### SUPPLIED MATERIAL
────────────────

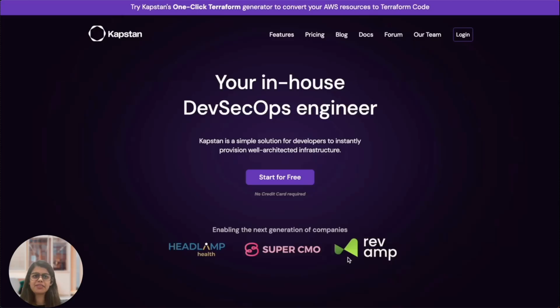Hello, I'm Sakshif from Kapstan, your in-house DevSecOps engineer. Kapstan is a simple solution for developers to instantly provision well-architected infrastructure.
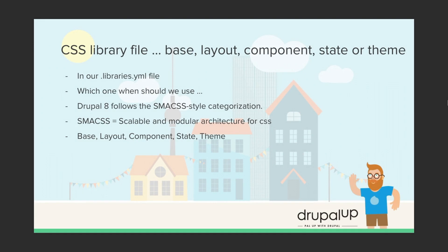In this video we're going to be taking a look at the CSS library file and in the end we'll have a better understanding on when to use base, layout, component, state and the theme categorizations in our library.yml file.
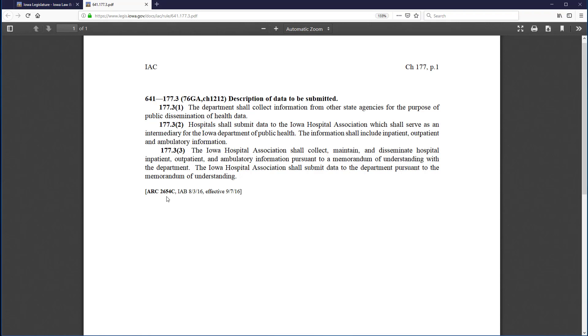At the bottom of the rule, there are references to the history of the rule, including an ARC, or Administrative Rules Coordinator number, an IAB, or Iowa Administrative Bulletin number, and publication date, in addition to an effective date. However, in this case, neither the ARC or the IAB are hyperlinked. To open them, I will use the Agency Chapter or Rule by Publication and Effective Dates quick search box.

────────────────

Exclude every picture, then reproduce the remaining data character for character.

### ANSWER TO THE PROBLEM
Hello, I'm Sakshif from Kapstan, your in-house DevSecOps engineer. Kapstan is a simple solution for developers to instantly provision well-architected infrastructure.
In this video we're going to be taking a look at the CSS library file and in the end we'll have a better understanding on when to use base, layout, component, state and the theme categorizations in our library.yml file.
At the bottom of the rule, there are references to the history of the rule, including an ARC, or Administrative Rules Coordinator number, an IAB, or Iowa Administrative Bulletin number, and publication date, in addition to an effective date. However, in this case, neither the ARC or the IAB are hyperlinked. To open them, I will use the Agency Chapter or Rule by Publication and Effective Dates quick search box.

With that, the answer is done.